Das erste Fest, das Christen feierten, war der Sonntag als der Tag, an dem Jesus von den Toten auferstand. Es war der 8. Tag der vergangenen oder der Erste Tag der neuen Woche, der Tag nach dem Sabbat. Damit wurde der „Sonntag“ zum Tag des „Herrenmahles“, zum Tag des „Brotbrechens“ wie ihn die frühen Christen nannten.
„Dies Solis“ (lateinisch), der „Tag der Sonne“: Historisch belegt, erließ am 3. März des Jahres 321 nach Christus Kaiser Konstantin der Große für das Römische Reich ein wegweisendes Edikt: „Alle Richter, Stadtleute und Gewerbetreibende sollen am verehrungswürdigen Tag der Sonne ruhen“. Damit wurde der Sonntag, wie der Name schon
ausdrückt, dem „sol invictus“, der „unbesiegbaren Sonne geweiht. Die erste staatliche Sonntagsgarantie war ausgesprochen. Seither ist er in den christlich geprägten Ländern der wöchentlich wiederkehrende Feiertag. Einige hundert Jahre später war der Sonntag fest etabliert.

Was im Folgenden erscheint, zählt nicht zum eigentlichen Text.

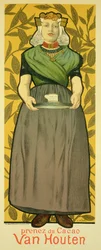 A "Van Houten Kakaó" reklámplakátjának reprodukciója, 1893.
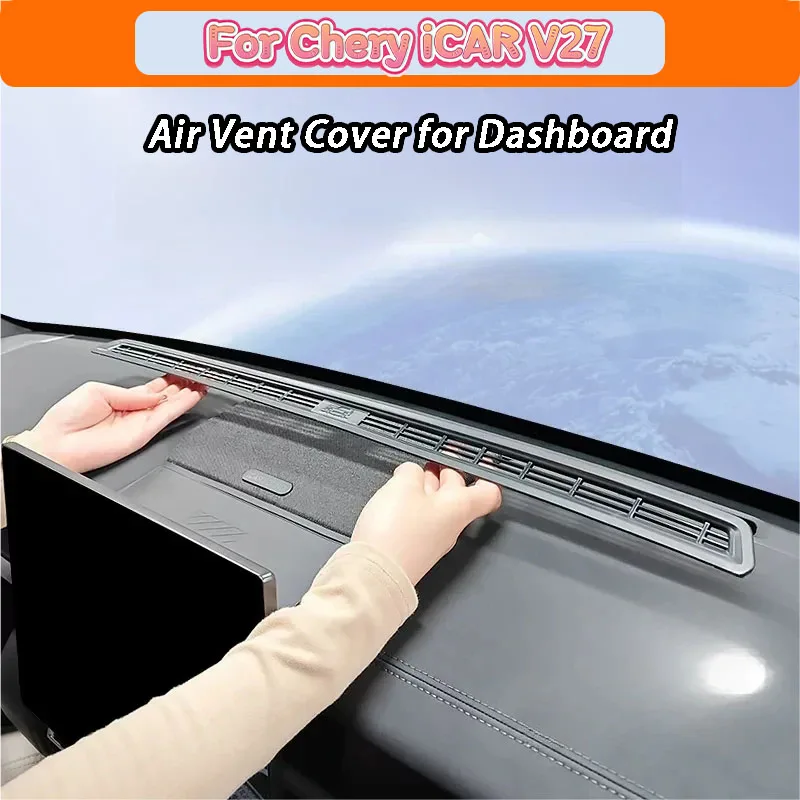 

Car Air Vent Cover For Chery iCAR V27 2026 Dashboard Air Outlet Dustproof Anti-Blocking Net Interior Modification Upgrade Acces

Jeder Sonntag bedeutet für uns das „wöchentliche Osterfest“, wie es Augustinus beschrieb.
Die universale Kommunikation des auferstandenen Herrn ereignet sich hier immer wieder, denn er will für alle das Leben in Fülle.
Die Christen haben schon im ersten Jahrhundert den Sonntag in diesem österlichen Sinn gefeiert.
Sicher bezeugt ist die jährliche Osterfeier seit dem 2. Jh.
Die Ereignisse seines Übergangs vom Tod zum Leben wurden zunächst in einem die ganze Nacht dauernden Gottesdienst begangen. Erst im 4. Jh. hat sich das Gedenken der Ereignisse über mehrere
Tage entfaltet mit der Osternacht als Höhe- und Wendepunkt.

Gebet
Gott, unser Vater, es ist die Liebe, die du in unsere Herzen eingepflanzt hast, die uns das Leben begreifen lässt und das Geheimnis der Auferstehung deines Sohnes.
Wir danken dir für die Taten deiner Liebe, die in uns Großes bewirken: Dass auch wir mit Christus auferstehen und mit ihm leben werden.
Darauf vertrauen wir, bestärkt vom Heiligen Geist, durch deinen geliebten Sohn, unseren auferstandenen Bruder und Herrn. Amen.